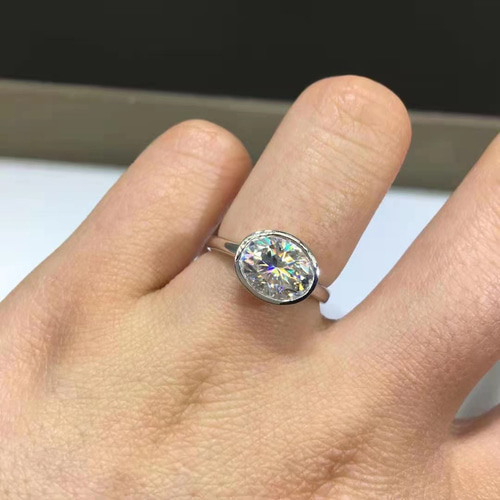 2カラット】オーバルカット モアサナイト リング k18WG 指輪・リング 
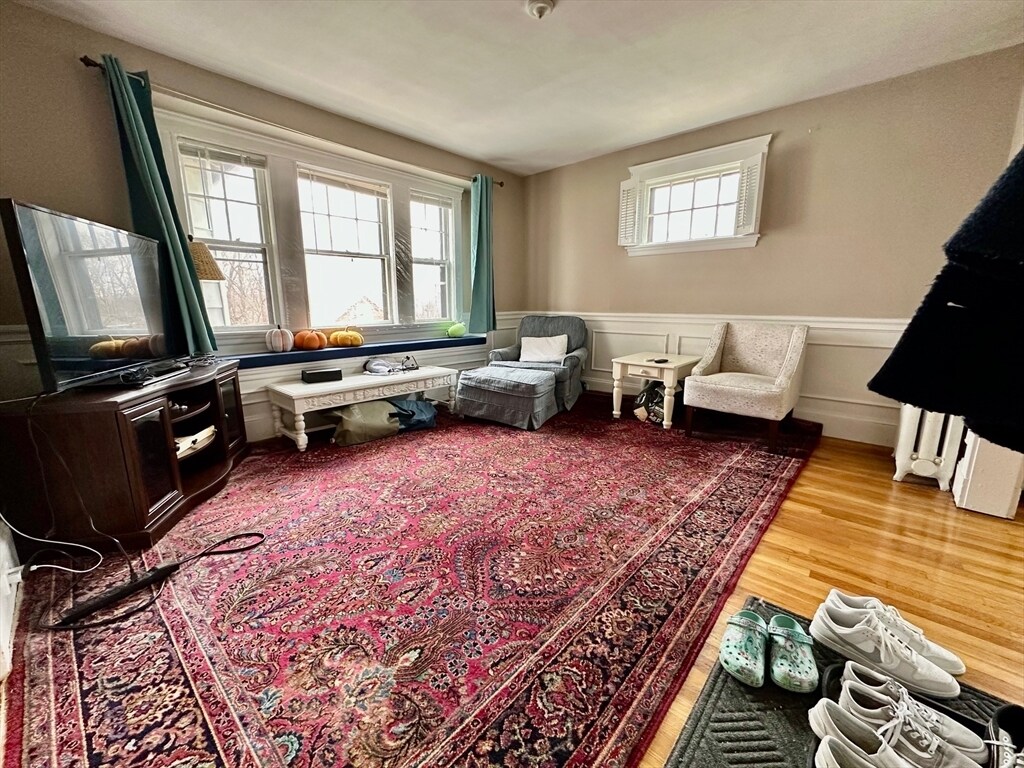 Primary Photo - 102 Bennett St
...
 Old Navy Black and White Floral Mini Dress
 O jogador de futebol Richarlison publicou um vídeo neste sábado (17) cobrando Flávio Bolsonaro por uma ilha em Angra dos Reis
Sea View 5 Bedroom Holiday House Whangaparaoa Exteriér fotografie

Task brief
Please copy, exactly and with nothing else, the lines above beginning at the line that has "Old Navy Black and White Floral Mini Dress" and ending with the line that has "Sea View 5 Bedroom".

Answer to this exercise
 Old Navy Black and White Floral Mini Dress
 O jogador de futebol Richarlison publicou um vídeo neste sábado (17) cobrando Flávio Bolsonaro por uma ilha em Angra dos Reis
Sea View 5 Bedroom Holiday House Whangaparaoa Exteriér fotografie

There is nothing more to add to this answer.